Do Old Car Phones Still Work? (And What Networks Did They Use?)
Car phones were first revealed all the way back in 1946, costing $25 to have them installed — that's around $438 in today's money. In 1985, it went up to $1,700 to get a car phone ($5,141.61 in today's money). Throughout the 1990s, car phones continued to be a sign of luxury. But as mobile phones became more accessible going into the 2000's, there was not really a need for car phones anymore — a simple phone mount will do today.
Now, finding an old car with a car phone is an interesting portal into car technology of the past. However, some ambitious techies have found ways to make these car phones function decades after the defunct tech was discontinued. In North America, the early 1940's car phones used the Public Switched Telephone Network, which had both "highway" and an "urban" service. By 1948, there were 60 cities in North America that had the urban car phone service, totaling 4,000 mobile subscribers and 117,000 calls every month. The highway service was in 85 cities, handling 36,000 calls per month.
Analog cellular service arrived in 1983, bringing cell phones along with it. This allowed car phones to continue to evolve, even introducing built-in GPS at the start of the 1990's. AMPS technology was discontinued in 2008, putting an end to car phone functionality in North America.
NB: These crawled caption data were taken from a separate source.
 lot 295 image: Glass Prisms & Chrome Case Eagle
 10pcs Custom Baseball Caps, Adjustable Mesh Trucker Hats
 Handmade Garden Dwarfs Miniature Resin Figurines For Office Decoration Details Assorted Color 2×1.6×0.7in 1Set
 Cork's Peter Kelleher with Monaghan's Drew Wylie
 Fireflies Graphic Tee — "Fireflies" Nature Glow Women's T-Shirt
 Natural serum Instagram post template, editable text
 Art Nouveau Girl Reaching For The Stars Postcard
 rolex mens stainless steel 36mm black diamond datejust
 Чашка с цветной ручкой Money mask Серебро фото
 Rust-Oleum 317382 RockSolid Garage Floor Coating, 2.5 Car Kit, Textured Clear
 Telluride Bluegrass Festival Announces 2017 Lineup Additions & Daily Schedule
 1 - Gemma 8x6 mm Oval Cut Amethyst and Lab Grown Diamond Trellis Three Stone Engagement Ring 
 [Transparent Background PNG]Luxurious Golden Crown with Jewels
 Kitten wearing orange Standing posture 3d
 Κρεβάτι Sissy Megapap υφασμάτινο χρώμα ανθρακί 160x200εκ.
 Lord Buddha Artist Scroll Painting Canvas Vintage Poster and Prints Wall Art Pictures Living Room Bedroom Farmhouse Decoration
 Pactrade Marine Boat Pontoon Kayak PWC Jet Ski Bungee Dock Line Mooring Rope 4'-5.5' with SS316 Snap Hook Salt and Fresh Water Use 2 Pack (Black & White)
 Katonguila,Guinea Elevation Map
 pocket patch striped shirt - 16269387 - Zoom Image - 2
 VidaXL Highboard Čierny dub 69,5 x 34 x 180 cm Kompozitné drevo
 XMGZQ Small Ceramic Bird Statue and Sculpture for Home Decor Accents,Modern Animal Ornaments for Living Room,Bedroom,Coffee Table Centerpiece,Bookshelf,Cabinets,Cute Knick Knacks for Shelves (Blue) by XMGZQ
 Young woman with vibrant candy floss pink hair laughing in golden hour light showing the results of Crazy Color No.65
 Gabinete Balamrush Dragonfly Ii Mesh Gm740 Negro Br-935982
Man brings old car phone to life
Despite AMPS coming to an end, car phones' analog technology still functions — it just needs a network. This has led a tech enthusiast to spend three years figuring out how to make a 1990's car phone fully functional into 2025.
Software engineer Jeff Lau impressed his YouTube audience when he showed how he restored the car phone in his 1993 Mitsubishi 3000GT VR-4. Once considered useless due to AMPS being discontinued decades earlier, Lau found a way to build a Bluetooth adapter that connected the car phone to modern cellphone networks. According to Lau, he could use the 1993 car phone to make calls, receive calls, respond to voice commands, and even use Apple's Siri. In Lau's video on his UselessPickles YouTube channel, he even asked Siri to tell a joke and find a song through the car phone.
In the height of the '90s, car phones were considered somewhat of a "status symbol," with businesspeople reporting about $700 a month for 12 hours worth of calls to clients and friends ($1,753 in today's money). At the time, a lawyer said in a street interview with CBC: "It's like a dishwasher. Like, you don't know how you didn't have one before." While we've since moved on to mobile cell phones, Lau has shown that car phones can still fit into the modern world even if they no longer come with car models anymore.